For years there was a certain quarter in Belfast, which had attained an unenviable notoriety. As the Twelfth of July drew near, it had been customary to reinforce the military and police, that they might keep the peace, if possible, between the turbulent inhabitants of Sandy Row and the “Ribbonmen” who occupied a neighbouring district. Not only had the ordinary street missiles been flung in plentiful profusion on the scene of conflict, but also deadly collisions had taken place, shots had been fired, and blood had run upon the streets. For weeks the magistrates and military were nightly on patrol. The strong arm of the executive had at length to interfere by martial law and by a disarming of the parties who had shown that they were wholly unfit to be entrusted with arms.

“When, however, the revival was at its height,” writes the Librarian of the Belfast Society, “Sandy Row was visited by persons from all parts of the country— indeed, of the kingdom. Clergymen and pious laymen were constantly holding open-air meetings; and it was on the evening of the Twelfth that I first took part in one of these. In former years it would have been no ordinary feat to have passed through some of the most intensely Popish and Orange districts of the city; but I had no fears now. There were no breaking of lamps and constables’ heads—no flinging of paving stones. The streets were crowded with the young of both sexes, but the 23rd Psalm was falling in sweet cadence on the gale; and none of the usual emblems of the Twelfth appeared, —no orange garlands, no arches flung over the streets. There was no military or semi-military parade; the only peace-preserver was the usual night constable.”

Visiting, in company with a friend, a short time afterwards, in a row inhabited exclusively by mill hands, and meeting a number of girls who had been brought under the influence of the revival, they all exclaimed, referring to the late anniversary, “It was another sort of Twelfth than the one before it. None of us would have wrought a turn on that day; but now we were all at our work as usual. You would not have known it was the Twelfth at all.” “You may well say that,” remarked one of their number, who had been, till a few weeks before, a Roman Catholic. “Don’t you remember how you chased me, and others of my sort, through the country for hours that day, till you nearly frightened us out of our wits? But now we are all like sisters of one family, and the head of it is Christ.”

The same testimony has been borne from other noted Orange districts, such as Lurgan, Lisburn, Dundrod, and counties Tyrone, Armagh, Derry, and Monaghan.

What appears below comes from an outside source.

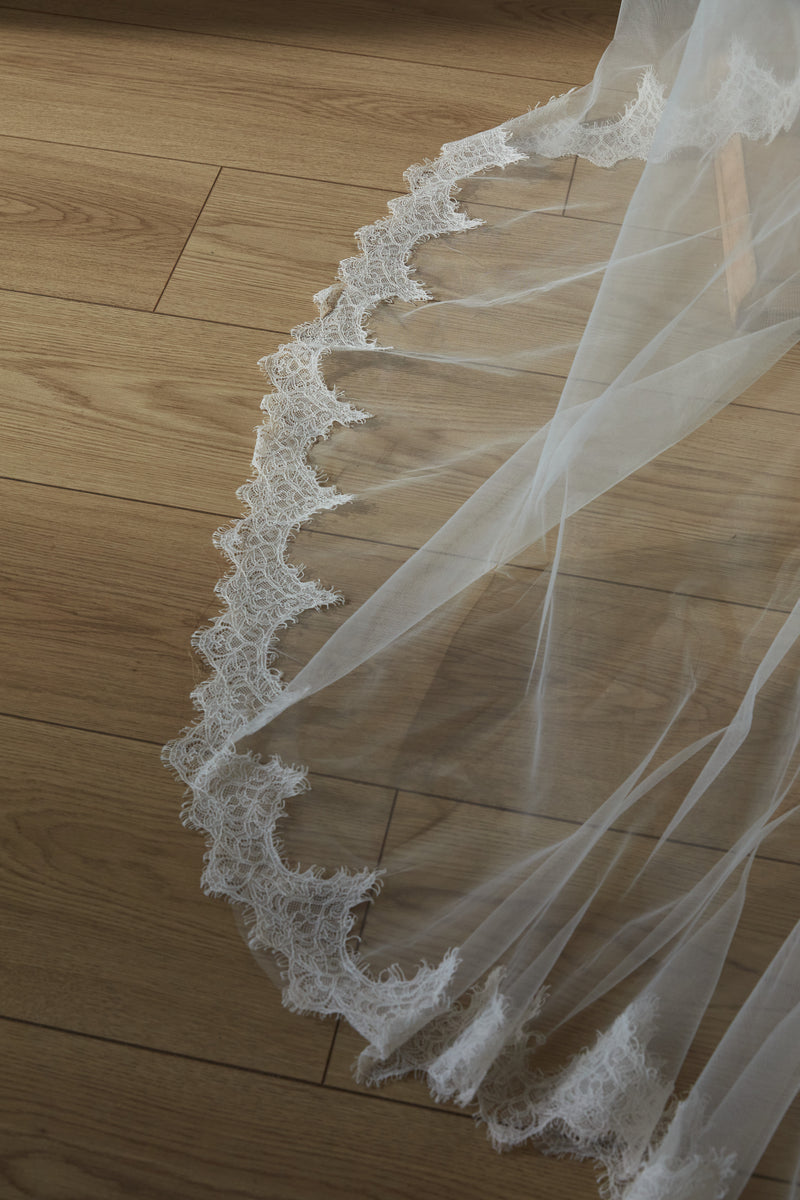 Julieth Dantelli Duvak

We do not wonder, after such records as these, that Chief Baron Pigott, himself a Roman Catholic, should have taken occasion, when sitting on the bench in County Down, a few days after the great Orange anniversary, to refer, in the language of the reporters, “to the religious movement in the north as having extinguished all party animosities, and produced the most wholesome moral results upon the community at large;” and that he should have “expressed a hope that it would extend over the whole country, and influence society to its lowest depths.”